Andy Carroll has signed an 18-month contract extension at Reading and... I’m fine with that I guess. Nothing more, nothing less, just modest satisfaction. When I saw the news break on Tuesday afternoon I couldn’t really muster up a more overtly positive or negative reaction than that either way. A few days later I’m still in the same boat.
It’s less that I’m on the fence or apathetic. Carroll’s a hugely likeable guy who’s clearly bought into being at Reading, his tactical profile is so distinct that it’s hard not to have an opinion on how he fits into the team, and he’s certainly capable of being an important part of the side too. After all, he’s won our December 2022 player of the month award, helped in large part by some key goals over the festive period against Swansea City and Norwich City.
A new deal for him though?
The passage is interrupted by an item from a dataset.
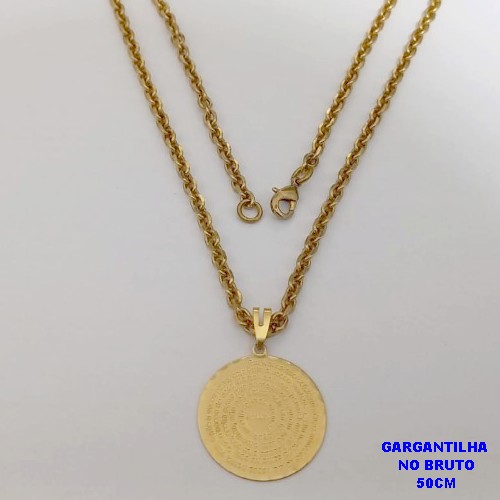 GARGANTILHA NO BRUTO PRONTO PARA O BANHO(CX188)GARGANTILHA CORRENTE CARTIER CURTA CD100 COM MEDALHA ORAÇÃO DO PAI NOSSO 25MM( PESO 14.9GR -BRU26042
I’ve got mixed feelings which I needed to work through. To do that I’ve looked at Carroll’s contract first from the club’s perspective (spoiler: from Reading’s point of view it makes sense) and then from mine.
If you’re Paul Ince, Mark Bowen and co, keeping Carroll makes sense. Absolutely. They clearly value Carroll’s experience, leadership and all-round personality, and the manager’s more direct style of play means Carroll (in theory) is a good fit.
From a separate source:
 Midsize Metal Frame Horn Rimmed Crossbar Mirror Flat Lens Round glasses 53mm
Ince has also used Carroll extensively since the World Cup break: four starts and two sub appearances in Reading’s six matches across all competitions. With Lucas Joao, Yakou Meite and Shane Long (among others) all in contention to start up top, that’s a significant endorsements of Carroll, although there’s always the possibility that his game time has been influenced by his contract status. After all, if you’re trying to persuade someone to stay on, you don’t keep them on the bench.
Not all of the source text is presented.